I disagree! Our nervous systems are highly adapted to tracking and predicting moving objects. We evolved as hunters and tool manipulators, and we have excellent, movement-detecting eyesight that can predict where future objects will be based on their paths across our visual field and our estimates of distance. This helps when throwing a spear at a fleeing deer (objects moving well in excess of 10mph), and it helps when driving a car.
In addition to that, a ton of driving skills overlap with social skills - predicting the way a pedestrian is running means they’re going to dart into the road, or onto the crossing; navigating a four-way junction with no clear right-of-way markers; anticipating when a driver looks ‘lost’ and knowing to give distance because of early stops, and a ton of other things you never even think about that aid in avoiding getting into a situation where reflexes are even needed (a situation a computer might have some advantage). These are all things that work because other people are driving these other cars, and we are very good at anticipating the movements of other cars based on our experience with cars but also our ability to understand the people driving them.
Yes, some people drink and get chronically distracted while driving, and do drugs. In principle, we don’t let them drive cars! It’s just hard to detect/stop them until it’s too late.
We’ve done really well with self-driving cars, but it’s a really hard problem running into the hardest final pieces.

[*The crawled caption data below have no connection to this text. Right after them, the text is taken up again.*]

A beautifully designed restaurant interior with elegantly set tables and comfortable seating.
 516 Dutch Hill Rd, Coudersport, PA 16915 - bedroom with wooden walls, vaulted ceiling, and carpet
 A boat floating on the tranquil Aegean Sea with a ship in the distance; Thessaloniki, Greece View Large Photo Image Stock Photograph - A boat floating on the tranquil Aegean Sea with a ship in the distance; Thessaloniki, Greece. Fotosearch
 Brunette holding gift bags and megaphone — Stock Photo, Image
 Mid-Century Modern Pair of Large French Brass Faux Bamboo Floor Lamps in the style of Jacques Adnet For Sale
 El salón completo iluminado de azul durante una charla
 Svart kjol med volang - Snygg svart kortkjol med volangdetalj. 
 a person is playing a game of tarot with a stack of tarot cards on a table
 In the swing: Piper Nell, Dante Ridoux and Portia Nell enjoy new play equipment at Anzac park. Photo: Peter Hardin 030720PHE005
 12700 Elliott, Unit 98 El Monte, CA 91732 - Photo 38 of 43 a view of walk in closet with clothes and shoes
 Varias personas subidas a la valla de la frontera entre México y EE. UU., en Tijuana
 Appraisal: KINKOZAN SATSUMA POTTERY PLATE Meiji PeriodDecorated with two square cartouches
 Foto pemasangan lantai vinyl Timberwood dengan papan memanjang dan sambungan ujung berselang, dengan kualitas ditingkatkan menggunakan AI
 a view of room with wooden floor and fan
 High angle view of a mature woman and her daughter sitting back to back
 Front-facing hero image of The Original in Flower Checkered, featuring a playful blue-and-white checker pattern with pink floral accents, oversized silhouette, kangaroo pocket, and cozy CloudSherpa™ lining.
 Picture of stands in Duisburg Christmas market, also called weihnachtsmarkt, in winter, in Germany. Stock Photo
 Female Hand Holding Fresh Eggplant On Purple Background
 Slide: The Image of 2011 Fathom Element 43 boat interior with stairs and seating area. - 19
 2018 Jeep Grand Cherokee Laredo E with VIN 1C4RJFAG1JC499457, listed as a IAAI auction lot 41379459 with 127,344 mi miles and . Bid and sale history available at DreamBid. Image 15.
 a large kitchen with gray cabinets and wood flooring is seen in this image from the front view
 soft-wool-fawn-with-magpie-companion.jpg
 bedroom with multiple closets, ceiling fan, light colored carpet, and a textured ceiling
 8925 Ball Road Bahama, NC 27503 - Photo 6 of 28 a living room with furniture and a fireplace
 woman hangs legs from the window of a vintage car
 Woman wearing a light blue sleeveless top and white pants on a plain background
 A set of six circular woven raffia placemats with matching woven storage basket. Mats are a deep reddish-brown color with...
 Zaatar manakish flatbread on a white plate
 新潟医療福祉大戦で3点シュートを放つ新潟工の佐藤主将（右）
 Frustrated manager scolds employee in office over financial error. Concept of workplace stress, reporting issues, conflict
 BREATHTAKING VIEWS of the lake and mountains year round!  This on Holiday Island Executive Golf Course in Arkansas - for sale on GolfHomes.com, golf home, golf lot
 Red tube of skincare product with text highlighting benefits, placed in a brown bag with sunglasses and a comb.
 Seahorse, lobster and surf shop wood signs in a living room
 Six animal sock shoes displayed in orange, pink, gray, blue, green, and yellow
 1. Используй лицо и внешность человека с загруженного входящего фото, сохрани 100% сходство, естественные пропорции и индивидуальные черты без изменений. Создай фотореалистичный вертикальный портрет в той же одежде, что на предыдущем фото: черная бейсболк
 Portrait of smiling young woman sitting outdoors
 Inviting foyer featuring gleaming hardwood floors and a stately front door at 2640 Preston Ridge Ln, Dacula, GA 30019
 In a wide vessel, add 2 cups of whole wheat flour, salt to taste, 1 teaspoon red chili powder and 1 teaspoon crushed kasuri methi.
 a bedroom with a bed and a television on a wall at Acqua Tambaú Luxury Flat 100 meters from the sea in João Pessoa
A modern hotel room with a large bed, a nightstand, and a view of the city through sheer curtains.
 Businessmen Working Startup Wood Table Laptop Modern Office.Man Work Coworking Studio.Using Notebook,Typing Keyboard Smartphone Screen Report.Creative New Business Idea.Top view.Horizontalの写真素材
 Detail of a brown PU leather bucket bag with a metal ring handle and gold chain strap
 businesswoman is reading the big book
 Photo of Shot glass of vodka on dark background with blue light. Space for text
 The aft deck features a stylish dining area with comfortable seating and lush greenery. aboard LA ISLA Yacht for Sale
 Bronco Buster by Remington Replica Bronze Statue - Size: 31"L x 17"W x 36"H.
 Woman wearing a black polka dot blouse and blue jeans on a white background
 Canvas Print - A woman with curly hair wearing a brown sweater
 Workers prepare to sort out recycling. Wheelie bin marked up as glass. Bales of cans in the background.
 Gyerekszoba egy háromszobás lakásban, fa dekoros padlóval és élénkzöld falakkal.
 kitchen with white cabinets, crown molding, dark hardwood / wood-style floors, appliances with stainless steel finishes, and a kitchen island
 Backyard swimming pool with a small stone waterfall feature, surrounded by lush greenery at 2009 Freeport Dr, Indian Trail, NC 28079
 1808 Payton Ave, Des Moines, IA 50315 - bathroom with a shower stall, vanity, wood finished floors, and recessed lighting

The last 5% is probably harder than the first 95%.
I guess is that we can probably make self-driving cars that can operate on the same roads as humans with similar accident rates, but I very much doubt all the pieces (technology, infrastructure, legislation) will be in happen before 2050, and I’m not even sure about that.
I expect self-driving haulage vehicles, moving along segregated lanes between out-of-city warehouses by 2030, at best.